The Pennsylvania gun club holds a meeting
Pro-gun activists seek further Second Amendment protection right here in the Keystone State.
CRAIG HETHERINGTON, a 44-year-old Bedford County trucker, held a sign reading, "Pat Toomey, You Are Fired."
Kay Hartman, a Mifflin County "tea-party patriot old enough to be wise," carried a large white flag featuring a black AK-47 over the words "Come and Take It."
Another woman held a sign: "Gun Control is False Hope; Jesus Christ is the True Hope."
And a bearded man wearing a "Don't Tread on Me" red vest held a sign: "We Come Unarmed (this time)."
Welcome to the Pennsylvania gun club.
These folks were among several hundred at the eighth annual "Second Amendment Action Day" rally on the steps of the Capitol on Tuesday.
Pro-gun citizen activists came fresh off a win in the U.S. Senate, where efforts last week to expand criminal background checks - co-sponsored by Sen. Pat Toomey - died.
So they were lively. They waved signs and flags, cheered speeches about gun rights and booed loudly when Toomey's name was mentioned.
They reflect a significant force in Pennsylvania, one that has kept the state bulletproof when it comes to gun-control legislation.
They represent a vivid example of why Guns & Ammo, "the world's most widely read firearms magazine," rates Pennsylvania more gun-friendly than all of its neighbors, including Ohio and West, By God, Virginia.
And yet the pro-gun faithful are not happy. They are not satisfied. They are focused on further, fuller protection of the Second Amendment in the Keystone State.
Hence, House Bill 357 (get it?), referred to by supporters as "The Firearms Freedom Act."
It's sponsored by the organizer of the annual rally, state Rep. Daryl Metcalfe, R-Butler County.
It would make any federal law attempting to "register, restrict or ban a firearm or to limit the size of a magazine of a firearm" unenforceable in the state.
And it provides for criminal penalties against federal or state officials seeking to implement any such law: a third-degree felony. One to seven years in prison, a fine of up to $15,000 - or both.
The bill carries 70-plus bipartisan co-sponsors, including agenda-setting Republicans such as House Speaker Sam Smith and Majority Leader Mike Turzai.
(This measure strikes me as somewhere between plum crazy and an iffy states' rights issue. And Penn Law professor Seth Kreimer, a constitutional expert, says, "It's pretty settled law, dating back to the Civil War, that states can't prevent the federal government from enforcing federal law.")
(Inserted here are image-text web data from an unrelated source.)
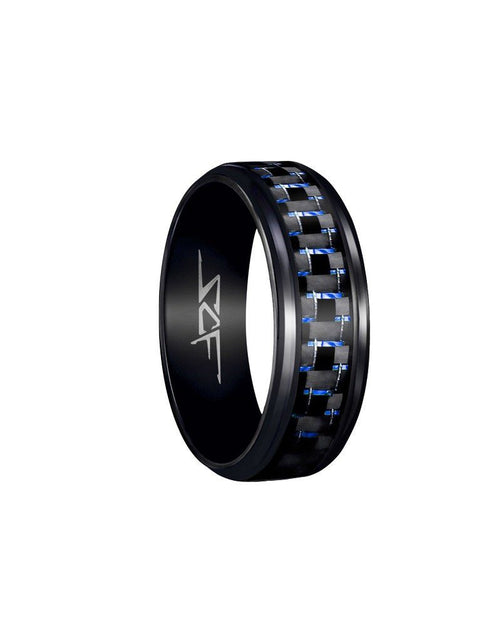Load image into Gallery viewer, Blue Lace Carbon Fiber Ring | Black | Slate Series
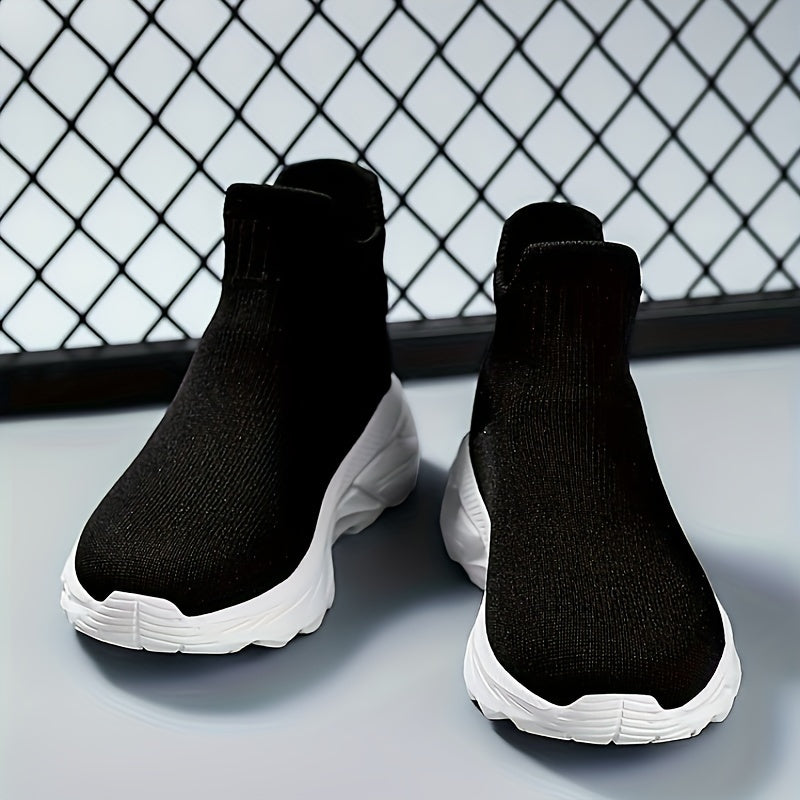 Zapatillas slip-on de media altura para niños con tela transpirable y suela de EVA, casual para niños y niñas menores de 14 años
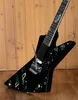 Rare Boris Dommenget Matthias Jabs Scorpions Galaxy Explorer Black Diamond Flying V Guitare électrique Floyd Rose Tremolo, Abalone Stars Planets Inlay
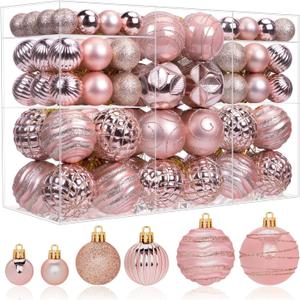 100ct Christmas Ball Ornaments Set, Rose Gold Xmas Tree Decoration, Shatterproof Decorative Hanging Balls with Loop for Christmas Party Holiday Wreath Garland Home Decor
I sat down with Metcalfe this week in his Capitol office to get his sense of the gun debate.
"I've never seen in my 15 years here, on any issue I've worked on, as much intensity on protecting gun rights as I've seen in the last four or five months," he said.
He attributes the heightened fervor to a post-Newtown, Conn., school shooting "reaction of the left to try to restrict rights." And the Senate vote last week, he said, "stoked the fires in people's hearts across the state."
That was clear at Tuesday's rally.
But afterward, Shira Goodman, executive director of the gun-control advocacy group CeaseFirePA, who for a time stood at the fringes of the rally, told me that despite the state's pro-gun history, "There's a changing tide in Pennsylvania."
She pointed to Toomey's effort and Sen. Bob Casey's support of it (after being a longtime pro-gun Democrat), as well as state Attorney General Kathleen Kane's actions to tighten state rules on concealed-carry permits.
"Pennsylvania's slow to change," Goodman said, "[but] Toomey's action and Casey's support is a big deal."
Maybe so.
Still, the Wall Street Journal reports that since the Connecticut shootings in December, 15 states have passed laws expanding gun rights, and 13 of the 15 have Republican-controlled legislatures. Just like Pennsylvania's.